Per i clienti vulnerabili, il risparmio all’anno, calcolano i consumatori di Codacons e Unc, è di 105 euro a prezzi costanti per una spesa di 1.187 euro che sommata ai 611 euro all’anno per l’elettricità porta ad una ‘stangata’ di 1.798 euro. Un ribasso ‘scontato’ quello di aprile dice il vice presidente dell’Unione nazionale consumatori, Marco Vignola, spiegando che “con la fine della stagione termica cessano come sempre le speculazioni sul gas”. Rispetto allo stesso periodo del 2021, lamenta però il Codacons, cioè prima dello scoppio dell’emergenza energia, il prezzo del gas risulta ad aprile più alto del 47%, quindi pari a una maggiore spesa di 379 euro a nucleo rispetto a 4 anni.
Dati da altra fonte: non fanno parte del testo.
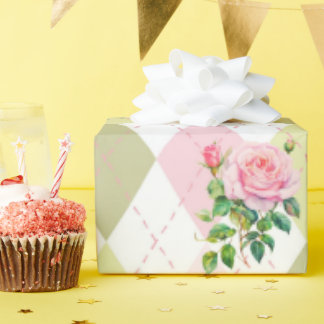 Papier cadeau Rose botanique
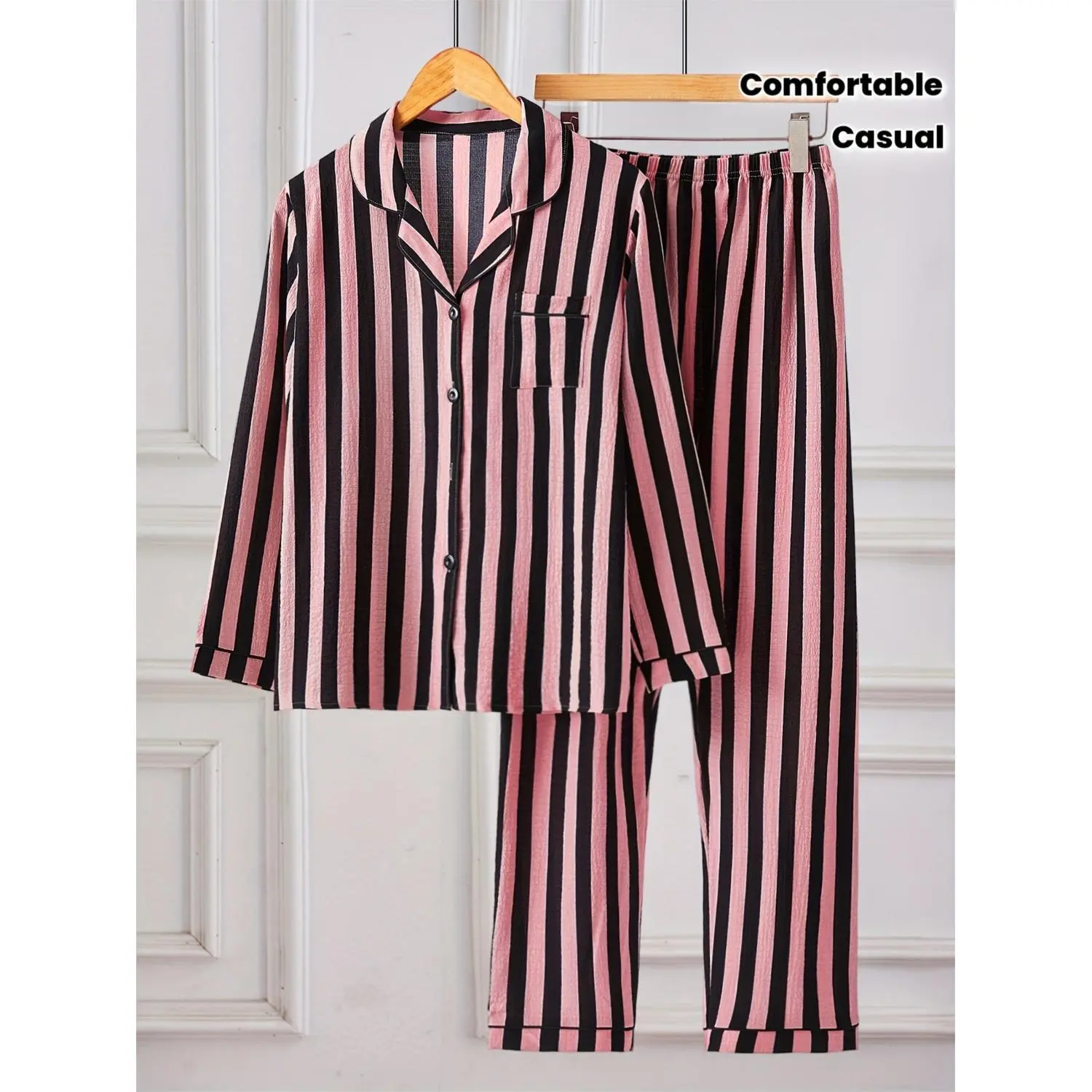 Striped Long Sleeve Pajama Set for Women with Contrast Trim Lapel and Button-Up Design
Vignola chiede cosa aspetta l’Europa a “eliminare il TTf di Amsterdam e il sistema del prezzo marginale che consentono questi extraprofitti vergognosi e di arricchirsi sulle spalle delle famiglie. Sono infatti le cause di questo sistema malato”. L’Italia da parte sua potrebbe ridefinire, aggiunge, “la formazione del Pun (Prezzo unico nazionale) e consentire ad Acquirente unico di riprendere a fare gli acquisti a lungo termine”. Sul fronte del petrolio, il prezzo è sceso fino a quasi il 4% per il West Texas Intermediate (Wti) per ridurre poi la perdita a -2,9% attestandosi a 56,6 dollari al barile. Il contratto sul Brent per luglio è invece arretrato fino al 3,5% per recuperare e vedere un -2,6% a 59,7 dollari al barile. Ribassi che sono la conseguenza della decisione degli otto produttori del cartello guidato dall’Arabia Saudita che hanno stabilito sabato scorso di aumentare a giugno la produzione di altri 411.000 barili al giorno, in una fase nella quale i prezzi sono già ai minimi da oltre tre anni. Anche il costo della benzina scende: il prezzo medio nazionale in modalità self è sceso a 1,704 euro al litro mentre per il diesel self la quotazione è scesa a 1,598 euro al litro.